### THE DATA ###
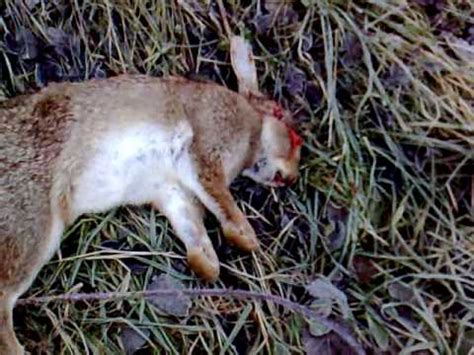 Teach children how to carefully how to hold the bunny without hurting it, how to calm the bunny, and remind him that the bunny's little back can break if he is afraid and tries to run away by kicking his legs too hard. RABBIT TWITCHING AFTER DEATH.mp4 - YouTube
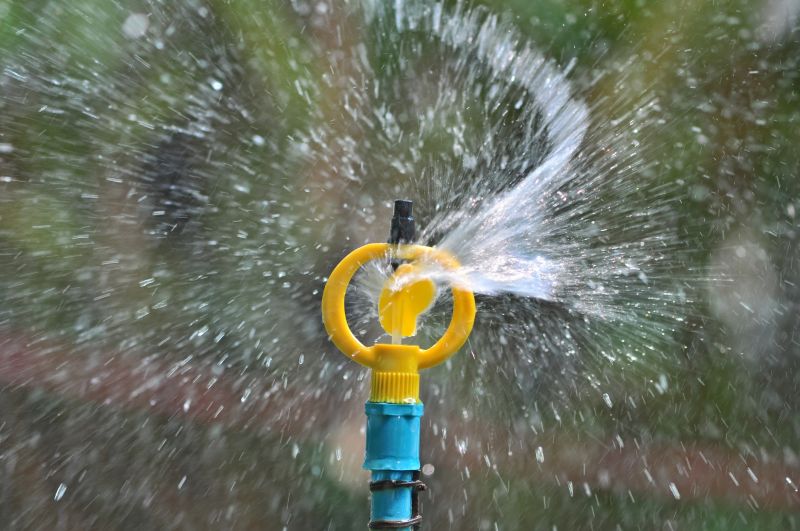 Sprinkler System Service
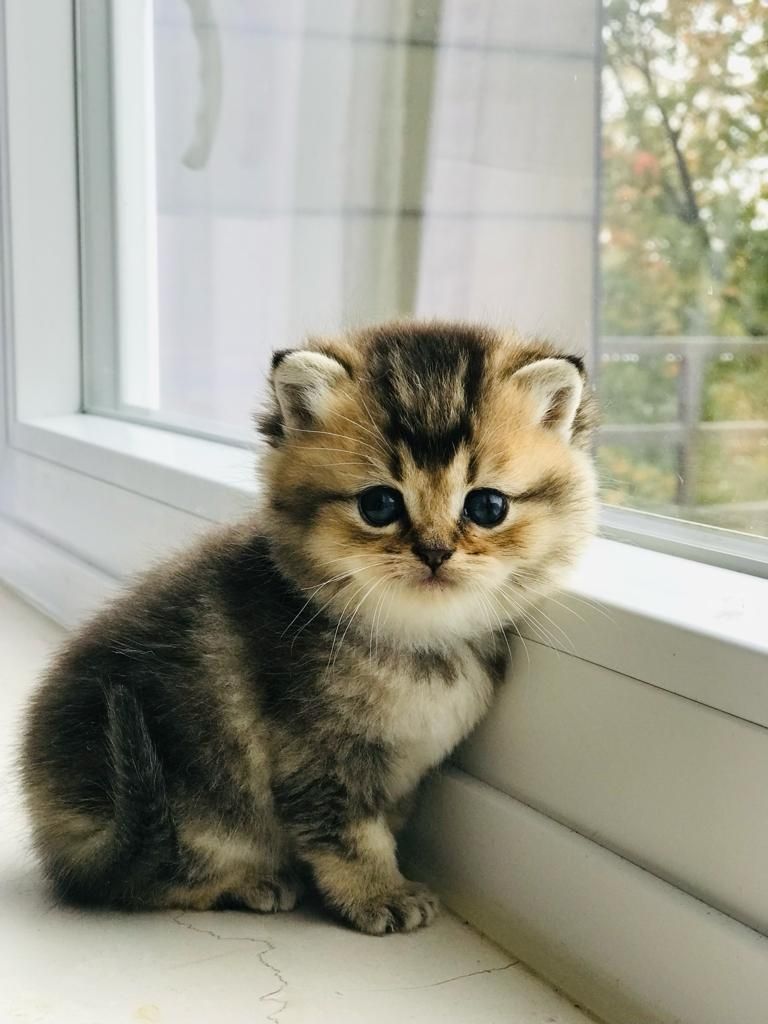Niedliche BLH-Katzenbabys suchen liebevolles Zuhause!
###
EXERCISE PROMPT = To complete the exercise, return the listing above exactly and omit its pictures.

WRITTEN SOLUTION =
 Teach children how to carefully how to hold the bunny without hurting it, how to calm the bunny, and remind him that the bunny's little back can break if he is afraid and tries to run away by kicking his legs too hard. RABBIT TWITCHING AFTER DEATH.mp4 - YouTube
 Sprinkler System Service
Niedliche BLH-Katzenbabys suchen liebevolles Zuhause!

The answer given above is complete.